Un tournant à l'école
ChatGPT représente un défi considérable pour les enseignants, fait valoir Irish Examiner :
«Au Royaume-Uni, les professeurs ont déjà été incités à revoir leurs méthodes d'évaluation compte tenu de ce nouvel outil, susceptible de produire des contenus crédibles et de grande qualité à partir d'une sollicitation humaine minimale. ... Les enseignants doivent se demander s'ils veulent exploiter cette technologie et trouver d'autres formes d'évaluation, ou passer leur temps à tenter d'identifier les resquilleurs. Personne n'a choisi de faire carrière dans l'enseignement pour jouer ce rôle de gendarme.»
Privilégier l'oral
El País évoque la gestion de l'IA à l'école :
«Chaque enseignant peut désormais savoir si le travail d'un élève n'est qu'un simple copier-coller. Une recherche Google suffit pour détecter un plagiat. ... Tout ceci simplifie l'accès aux informations mais complique l'enseignement et l'apprentissage. L'IA finira par s'inviter dans les cours, mais nous devons apprendre à la gérer. Paradoxalement, cette innovation pourrait au final nous amener à privilégier à nouveau l'oral. Car c'est la seule possibilité d'évaluation. Les élèves peuvent utiliser tous les moyens à leur disposition pour rechercher des informations, mais ils doivent être en mesure d'expliquer le résultat. En personne et avec leurs propres mots.»
L'humain n'est pas une machine
Le danger ce n'est pas l'IA, mais plutôt le discours s'y rapportant, prévient le philosophe Thomas Robert dans Le Temps :
«Il s'agit désormais de reprendre le contrôle du récit conté par les enthousiastes de l'intelligence artificielle. En effet, le risque est que ces derniers nous convainquent que l'intelligence n'est rien d'autre qu'une compilation du savoir ou que la créativité se réduise à la réponse la plus probable. En d'autres termes, le danger le plus pressant n'est pas les avancées de l'intelligence artificielle, mais le discours les accompagnant et tendant à définir de façon rabougrie ce qu'est l'être humain. Trois siècles plus tard, les codeurs de la Silicon Valley tentent une nouvelle fois la théorie de l'homme-machine, il est de notre choix d'y succomber ou non.»
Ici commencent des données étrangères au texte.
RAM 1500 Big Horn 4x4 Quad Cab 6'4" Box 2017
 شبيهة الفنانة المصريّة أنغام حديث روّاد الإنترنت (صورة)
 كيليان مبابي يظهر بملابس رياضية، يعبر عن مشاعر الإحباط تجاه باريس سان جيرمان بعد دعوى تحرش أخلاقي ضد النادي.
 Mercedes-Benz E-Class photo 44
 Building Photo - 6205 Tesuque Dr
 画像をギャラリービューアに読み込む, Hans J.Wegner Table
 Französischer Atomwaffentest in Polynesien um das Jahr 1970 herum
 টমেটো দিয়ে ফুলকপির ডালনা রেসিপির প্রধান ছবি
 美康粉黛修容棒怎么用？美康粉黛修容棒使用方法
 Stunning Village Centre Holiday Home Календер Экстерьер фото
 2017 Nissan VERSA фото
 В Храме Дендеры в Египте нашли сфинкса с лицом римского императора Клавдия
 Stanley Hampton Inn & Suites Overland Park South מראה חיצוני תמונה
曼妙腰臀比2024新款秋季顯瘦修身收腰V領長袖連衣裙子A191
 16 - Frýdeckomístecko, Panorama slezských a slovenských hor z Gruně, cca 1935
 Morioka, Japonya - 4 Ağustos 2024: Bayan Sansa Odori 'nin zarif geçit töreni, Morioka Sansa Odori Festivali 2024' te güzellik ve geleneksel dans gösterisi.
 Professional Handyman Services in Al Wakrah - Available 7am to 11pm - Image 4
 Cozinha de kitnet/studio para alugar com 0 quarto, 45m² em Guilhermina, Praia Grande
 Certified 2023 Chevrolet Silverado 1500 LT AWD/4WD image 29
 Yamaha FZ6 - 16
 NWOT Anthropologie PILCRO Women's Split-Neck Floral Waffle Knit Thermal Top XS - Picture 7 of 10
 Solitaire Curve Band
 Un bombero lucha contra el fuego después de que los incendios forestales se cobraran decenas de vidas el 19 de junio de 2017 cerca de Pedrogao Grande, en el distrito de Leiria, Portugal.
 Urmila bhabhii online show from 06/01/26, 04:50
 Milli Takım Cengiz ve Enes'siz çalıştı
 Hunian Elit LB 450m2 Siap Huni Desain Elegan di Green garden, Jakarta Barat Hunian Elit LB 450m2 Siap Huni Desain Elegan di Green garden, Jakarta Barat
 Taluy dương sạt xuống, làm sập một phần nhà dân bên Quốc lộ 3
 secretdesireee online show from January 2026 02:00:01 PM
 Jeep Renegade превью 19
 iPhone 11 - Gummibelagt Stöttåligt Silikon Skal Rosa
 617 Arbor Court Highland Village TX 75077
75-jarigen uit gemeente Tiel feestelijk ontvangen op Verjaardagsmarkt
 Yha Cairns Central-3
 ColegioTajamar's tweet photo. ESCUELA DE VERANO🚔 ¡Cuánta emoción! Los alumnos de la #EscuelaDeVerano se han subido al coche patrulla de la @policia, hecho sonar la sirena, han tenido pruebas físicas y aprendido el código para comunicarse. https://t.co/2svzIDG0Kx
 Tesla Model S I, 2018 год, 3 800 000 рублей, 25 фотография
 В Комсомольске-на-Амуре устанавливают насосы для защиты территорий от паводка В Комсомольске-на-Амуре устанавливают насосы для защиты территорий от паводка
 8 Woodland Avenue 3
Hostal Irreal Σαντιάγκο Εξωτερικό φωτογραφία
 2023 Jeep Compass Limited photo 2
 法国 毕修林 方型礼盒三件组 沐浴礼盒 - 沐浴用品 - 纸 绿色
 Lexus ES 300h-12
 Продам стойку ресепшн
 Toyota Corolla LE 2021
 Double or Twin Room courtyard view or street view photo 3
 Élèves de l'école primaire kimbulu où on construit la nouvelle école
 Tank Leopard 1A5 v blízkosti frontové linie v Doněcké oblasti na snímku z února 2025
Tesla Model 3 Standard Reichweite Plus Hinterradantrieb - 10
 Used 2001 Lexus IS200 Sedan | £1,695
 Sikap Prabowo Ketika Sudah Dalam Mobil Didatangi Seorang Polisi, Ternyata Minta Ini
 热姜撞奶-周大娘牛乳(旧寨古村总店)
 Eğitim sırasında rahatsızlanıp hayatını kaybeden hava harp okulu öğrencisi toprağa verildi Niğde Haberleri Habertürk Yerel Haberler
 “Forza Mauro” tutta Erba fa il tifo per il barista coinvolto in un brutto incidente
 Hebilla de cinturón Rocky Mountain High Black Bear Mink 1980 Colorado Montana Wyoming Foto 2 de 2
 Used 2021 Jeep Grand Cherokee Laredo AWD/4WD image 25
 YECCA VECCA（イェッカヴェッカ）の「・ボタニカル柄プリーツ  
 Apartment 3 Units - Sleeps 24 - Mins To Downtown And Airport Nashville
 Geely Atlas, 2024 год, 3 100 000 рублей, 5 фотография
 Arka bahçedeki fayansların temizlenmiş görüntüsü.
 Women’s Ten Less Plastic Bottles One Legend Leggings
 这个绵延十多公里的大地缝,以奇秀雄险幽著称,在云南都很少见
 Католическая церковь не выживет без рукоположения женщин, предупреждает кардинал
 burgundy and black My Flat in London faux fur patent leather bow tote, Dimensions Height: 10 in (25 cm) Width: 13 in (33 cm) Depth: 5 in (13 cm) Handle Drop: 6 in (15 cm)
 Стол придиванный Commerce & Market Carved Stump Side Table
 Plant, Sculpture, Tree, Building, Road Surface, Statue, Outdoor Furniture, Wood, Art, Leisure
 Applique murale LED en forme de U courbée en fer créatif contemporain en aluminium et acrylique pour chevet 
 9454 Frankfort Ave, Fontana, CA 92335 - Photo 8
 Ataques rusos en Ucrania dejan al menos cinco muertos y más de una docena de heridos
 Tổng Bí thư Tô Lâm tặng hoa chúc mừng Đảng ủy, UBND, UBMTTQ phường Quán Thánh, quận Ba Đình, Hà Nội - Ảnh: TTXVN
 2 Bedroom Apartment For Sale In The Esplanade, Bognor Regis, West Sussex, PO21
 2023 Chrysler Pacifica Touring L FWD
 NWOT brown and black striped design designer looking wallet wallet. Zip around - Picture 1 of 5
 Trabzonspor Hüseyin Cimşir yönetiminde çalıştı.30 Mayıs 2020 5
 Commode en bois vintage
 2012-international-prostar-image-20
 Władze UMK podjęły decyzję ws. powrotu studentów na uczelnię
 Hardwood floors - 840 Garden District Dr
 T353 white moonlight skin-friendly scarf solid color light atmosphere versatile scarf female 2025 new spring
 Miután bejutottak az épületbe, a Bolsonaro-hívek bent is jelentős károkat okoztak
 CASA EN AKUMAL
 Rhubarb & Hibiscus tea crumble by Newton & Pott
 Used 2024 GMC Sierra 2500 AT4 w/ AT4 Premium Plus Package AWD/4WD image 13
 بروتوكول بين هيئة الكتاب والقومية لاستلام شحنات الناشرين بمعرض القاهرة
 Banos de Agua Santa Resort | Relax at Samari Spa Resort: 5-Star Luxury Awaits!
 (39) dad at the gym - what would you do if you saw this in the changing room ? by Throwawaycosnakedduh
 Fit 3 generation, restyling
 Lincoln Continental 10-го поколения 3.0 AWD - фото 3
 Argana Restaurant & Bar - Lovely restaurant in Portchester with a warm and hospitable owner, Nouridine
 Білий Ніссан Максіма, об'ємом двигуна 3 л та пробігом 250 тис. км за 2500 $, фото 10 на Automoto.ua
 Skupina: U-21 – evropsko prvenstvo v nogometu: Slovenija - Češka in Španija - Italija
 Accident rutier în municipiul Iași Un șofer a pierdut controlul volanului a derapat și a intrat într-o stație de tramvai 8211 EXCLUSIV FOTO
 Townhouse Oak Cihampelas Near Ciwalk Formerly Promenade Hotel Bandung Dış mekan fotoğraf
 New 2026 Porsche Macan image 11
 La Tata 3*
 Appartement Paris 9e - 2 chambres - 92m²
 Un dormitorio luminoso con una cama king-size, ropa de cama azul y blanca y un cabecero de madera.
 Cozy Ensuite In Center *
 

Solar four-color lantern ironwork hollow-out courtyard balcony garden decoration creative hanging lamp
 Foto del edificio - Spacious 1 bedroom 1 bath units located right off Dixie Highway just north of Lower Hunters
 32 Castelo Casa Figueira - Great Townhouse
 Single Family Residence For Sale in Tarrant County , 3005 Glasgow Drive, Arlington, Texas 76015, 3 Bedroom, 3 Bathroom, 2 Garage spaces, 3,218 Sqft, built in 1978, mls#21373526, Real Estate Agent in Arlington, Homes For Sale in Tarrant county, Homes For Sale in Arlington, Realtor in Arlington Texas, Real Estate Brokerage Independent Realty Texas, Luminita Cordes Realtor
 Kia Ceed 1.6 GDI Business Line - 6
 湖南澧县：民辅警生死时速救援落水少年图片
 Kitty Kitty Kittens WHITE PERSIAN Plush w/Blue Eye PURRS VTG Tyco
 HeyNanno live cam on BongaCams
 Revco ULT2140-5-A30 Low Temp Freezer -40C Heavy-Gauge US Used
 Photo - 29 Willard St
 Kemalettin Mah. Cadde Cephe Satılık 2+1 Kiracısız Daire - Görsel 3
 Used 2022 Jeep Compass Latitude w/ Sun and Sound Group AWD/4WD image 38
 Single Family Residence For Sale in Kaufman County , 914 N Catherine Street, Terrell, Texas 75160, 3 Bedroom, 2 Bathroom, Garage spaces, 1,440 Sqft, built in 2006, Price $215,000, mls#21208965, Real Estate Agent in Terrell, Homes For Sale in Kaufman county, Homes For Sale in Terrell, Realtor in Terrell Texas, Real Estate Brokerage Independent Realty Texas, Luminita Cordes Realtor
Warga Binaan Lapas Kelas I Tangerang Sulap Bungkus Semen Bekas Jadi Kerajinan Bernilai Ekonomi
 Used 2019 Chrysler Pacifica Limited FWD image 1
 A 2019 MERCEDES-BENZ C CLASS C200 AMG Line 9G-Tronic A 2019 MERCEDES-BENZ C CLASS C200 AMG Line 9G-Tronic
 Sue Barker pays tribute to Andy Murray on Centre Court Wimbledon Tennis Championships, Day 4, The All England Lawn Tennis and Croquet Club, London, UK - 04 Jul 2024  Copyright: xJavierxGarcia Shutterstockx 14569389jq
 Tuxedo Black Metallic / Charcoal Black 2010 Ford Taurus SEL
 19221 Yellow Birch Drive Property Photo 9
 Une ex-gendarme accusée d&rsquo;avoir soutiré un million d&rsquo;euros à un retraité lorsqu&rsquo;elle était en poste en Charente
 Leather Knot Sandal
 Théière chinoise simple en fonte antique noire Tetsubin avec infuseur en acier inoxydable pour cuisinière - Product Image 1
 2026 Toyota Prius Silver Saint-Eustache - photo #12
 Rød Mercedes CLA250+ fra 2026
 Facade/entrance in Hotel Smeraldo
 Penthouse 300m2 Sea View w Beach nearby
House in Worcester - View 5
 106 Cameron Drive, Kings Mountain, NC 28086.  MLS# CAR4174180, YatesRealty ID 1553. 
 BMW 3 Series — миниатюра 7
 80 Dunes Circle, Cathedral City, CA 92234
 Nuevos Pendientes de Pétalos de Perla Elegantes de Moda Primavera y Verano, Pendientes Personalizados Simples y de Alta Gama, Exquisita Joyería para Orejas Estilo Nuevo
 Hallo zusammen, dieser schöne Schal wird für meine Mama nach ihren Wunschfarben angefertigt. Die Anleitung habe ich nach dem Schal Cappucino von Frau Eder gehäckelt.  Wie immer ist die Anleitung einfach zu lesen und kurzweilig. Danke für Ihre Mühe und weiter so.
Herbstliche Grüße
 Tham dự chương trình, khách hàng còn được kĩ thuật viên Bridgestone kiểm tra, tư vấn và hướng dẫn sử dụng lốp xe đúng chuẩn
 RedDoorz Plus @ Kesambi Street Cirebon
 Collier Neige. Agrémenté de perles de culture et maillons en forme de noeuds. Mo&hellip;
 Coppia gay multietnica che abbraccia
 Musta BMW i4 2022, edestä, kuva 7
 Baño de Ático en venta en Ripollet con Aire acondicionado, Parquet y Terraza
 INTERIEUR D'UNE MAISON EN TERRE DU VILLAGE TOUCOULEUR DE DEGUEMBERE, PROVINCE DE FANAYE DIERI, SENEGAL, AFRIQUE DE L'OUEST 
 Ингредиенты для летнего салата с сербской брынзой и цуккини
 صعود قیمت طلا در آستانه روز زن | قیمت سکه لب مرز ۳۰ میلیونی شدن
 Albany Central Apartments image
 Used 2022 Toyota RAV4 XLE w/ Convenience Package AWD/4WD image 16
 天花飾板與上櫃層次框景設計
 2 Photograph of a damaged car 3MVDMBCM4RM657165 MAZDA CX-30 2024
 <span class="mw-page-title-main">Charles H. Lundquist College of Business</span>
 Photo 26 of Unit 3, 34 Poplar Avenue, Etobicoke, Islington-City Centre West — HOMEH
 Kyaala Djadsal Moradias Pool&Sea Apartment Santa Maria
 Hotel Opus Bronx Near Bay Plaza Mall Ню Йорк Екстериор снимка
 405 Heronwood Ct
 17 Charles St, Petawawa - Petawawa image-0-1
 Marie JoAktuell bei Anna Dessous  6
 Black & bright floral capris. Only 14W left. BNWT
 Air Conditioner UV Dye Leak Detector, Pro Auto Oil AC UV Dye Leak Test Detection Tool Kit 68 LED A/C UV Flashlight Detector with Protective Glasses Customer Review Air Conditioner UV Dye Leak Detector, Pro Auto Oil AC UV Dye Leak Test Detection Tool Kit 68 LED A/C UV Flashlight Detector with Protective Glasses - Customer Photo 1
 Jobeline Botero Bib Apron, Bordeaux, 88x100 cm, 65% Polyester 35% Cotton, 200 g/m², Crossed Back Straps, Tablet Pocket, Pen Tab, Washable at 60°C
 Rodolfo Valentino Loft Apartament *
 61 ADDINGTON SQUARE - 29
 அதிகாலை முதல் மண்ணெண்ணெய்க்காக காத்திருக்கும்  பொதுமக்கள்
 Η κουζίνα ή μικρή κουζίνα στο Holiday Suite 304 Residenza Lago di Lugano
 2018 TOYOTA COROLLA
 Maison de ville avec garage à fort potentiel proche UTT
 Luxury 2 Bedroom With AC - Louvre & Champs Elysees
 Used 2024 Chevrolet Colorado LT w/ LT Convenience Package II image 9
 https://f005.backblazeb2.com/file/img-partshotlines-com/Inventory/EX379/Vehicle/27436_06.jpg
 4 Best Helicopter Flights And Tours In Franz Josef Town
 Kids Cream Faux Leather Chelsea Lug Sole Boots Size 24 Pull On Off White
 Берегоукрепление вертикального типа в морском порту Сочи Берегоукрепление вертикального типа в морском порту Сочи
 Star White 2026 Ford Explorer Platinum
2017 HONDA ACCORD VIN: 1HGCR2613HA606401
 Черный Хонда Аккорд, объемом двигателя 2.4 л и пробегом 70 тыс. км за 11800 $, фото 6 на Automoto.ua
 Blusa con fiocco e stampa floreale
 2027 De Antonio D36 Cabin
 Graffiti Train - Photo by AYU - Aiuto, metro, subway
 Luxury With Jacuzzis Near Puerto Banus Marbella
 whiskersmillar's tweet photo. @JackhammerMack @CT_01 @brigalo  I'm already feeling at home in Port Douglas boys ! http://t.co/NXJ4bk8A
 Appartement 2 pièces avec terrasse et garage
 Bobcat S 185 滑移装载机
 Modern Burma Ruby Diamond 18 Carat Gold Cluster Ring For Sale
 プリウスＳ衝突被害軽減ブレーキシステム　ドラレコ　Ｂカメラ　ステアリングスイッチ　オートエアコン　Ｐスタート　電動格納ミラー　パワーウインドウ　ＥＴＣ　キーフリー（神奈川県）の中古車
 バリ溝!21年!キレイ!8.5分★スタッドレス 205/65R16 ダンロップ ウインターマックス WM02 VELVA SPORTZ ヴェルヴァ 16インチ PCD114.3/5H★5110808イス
Définir des principes internationaux
Dans Observador, l'économiste Inês Domingos insiste sur l'importance de règles éthiques, mais aussi sur les difficultés de leur mise en application :
«Les machines étant dénués d'esprit critique, les développeurs d'IA sont obligés d'intégrer à leurs programmes des limites éthiques. Ceci constitue une préoccupation croissante des politiques publiques, notamment en raison des divergences entre les valeurs morales dans les différentes régions du monde. En 2018, l'UE avait créé un ensemble de lignes directives concernant l'utilisation éthique de l'intelligence artificielle, bientôt suivie par la Chine en 2019. ... On note toutefois de grandes disparités entre ces deux régions, tant au niveau de la mise en application que des valeurs à proprement parler, tout particulièrement s'agissant de la protection de la vie privée.»